A mediados de los años 50 y debido a la expansión de la oficina, el excéntrico arquitecto compró una vieja embarcación que acondicionó como estudio. La “Verona”, amarrada en Drottningholm, tenía lugar para diez tableros, una mesa de reuniones en el castillo de proa y la oficina de Erskine, simbólicamente, en la cabina del capitán, el único gesto “jerárquico” en una oficina que, por el contrario, estaba organizada por equipos pequeños y autosuficientes, y donde predominaban las ideas cooperativas. La oficina funcionaba como una “gran familia”, facilitada por el hecho que muchos eran jóvenes, solteros, idealistas e inmigrantes como el propio Erskine. Su socio y “mano derecha”, el danés Aage Rosenvold (quien dio algunas conferencias en Buenos Aires durante la expovivienda en noviembre de 1986) era el encargado de interpretar las audaces (y a veces poco prácticas) ideas de su socio en “ladrillo y mortero”, como dice Rosenvold.

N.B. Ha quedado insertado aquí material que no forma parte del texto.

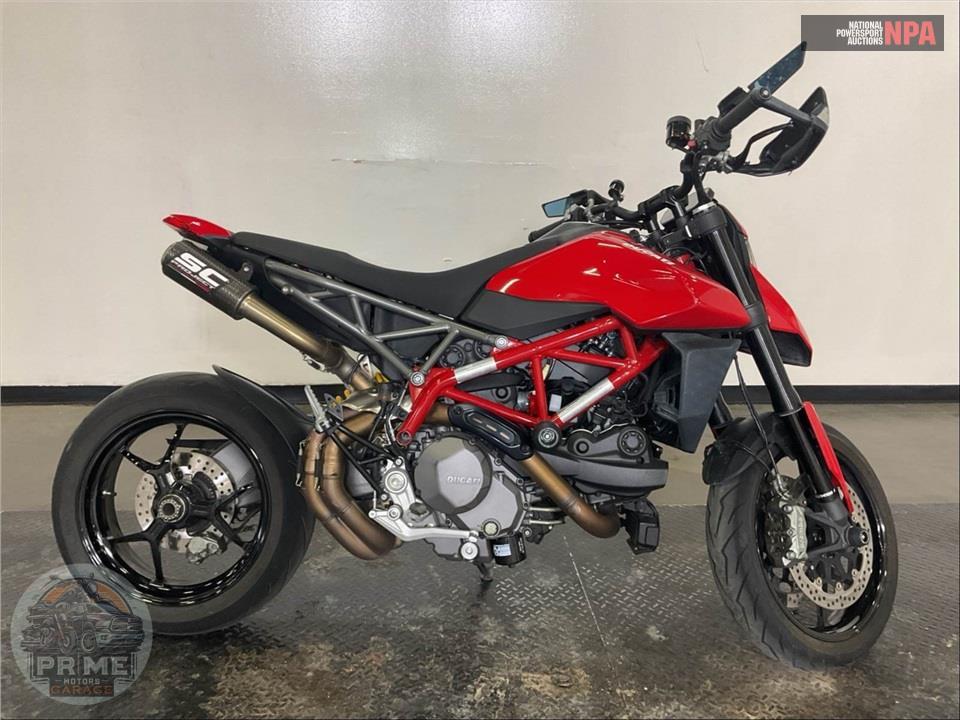 2021 DUCATI HYPERMOTARD 950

En una sociedad donde la separación entre familia y trabajo es casi total, el equipo Erskine constituía un mundo aparte. En los veranos partían hacia Ragö, una isla cerca de Nyköping, junto con borradores, tiralíneas, lapiceras, esposas e hijos. La Verona amarraba cerca de la casa de un pescador que servía como “oficina base en tierra”. Las familias de los arquitectos se alojaban en cabañas cercanas y compartían las largas jornadas de trabajo; se interrumpían durante una pausa para el almuerzo, seguido de largas discusiones (o monólogos de Erskine, quien aparentemente nunca se contagió de la obsesión por el tiempo de los suecos).
Durante trece años, eran a la vez las vacaciones y el período más creativo del equipo.